# Moving to and Working in Corfu.. Gaining Residency Permit/Beige Card



## Millie10 (Apr 22, 2020)

Hello.. I am UK National moving to Greece and have a few questions. I understand at the moment things are all up in the air with the current situation but would love to have information as if all was normal. I have read multiple government webites and forums but feel like I am getting more confused haha! If anyone could answer the following questions that would be great.
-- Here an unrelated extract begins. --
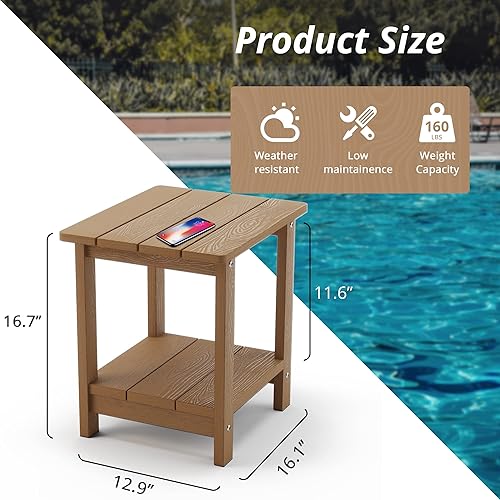 Miniatura 61 de LUE BONA HDPS - Mesa auxiliar para exteriores, pequeñas mesas auxiliares Adirondack para exteriores, mesa auxiliar exterior para patio, porche, Negro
1. I would like to get a residency permit (Beige card) but will be working for a Swiss company (online/from home in Corfu). Do I need to apply for a working residency permit or a can I get a different one?
2. Is it possible to get a working residency permit if I work for a Swiss company? Although i work for a Swiss company I do get paid into a UK account and pay UK tax, national insurance etc through a UK Paye scheme. 
3. If I can get a beige permit, does this mean I will automatically be enrolled to pay greek tax on my income or will I need to do this seperately? Or do I need to start paying tax in Greece before applying for my permit?
4. I am assuming I would have to start paying greek tax ( which is not an issue at all) or can I continue paying it in the UK as usual? 


Any comments/point will be truly helpful! I am a bit clueless and would appreciate any help. If I have not made myself clear or you have any questions, please let me know.

Sorry for all the questions, I am just so confused and dont know what the best route is to do.


----------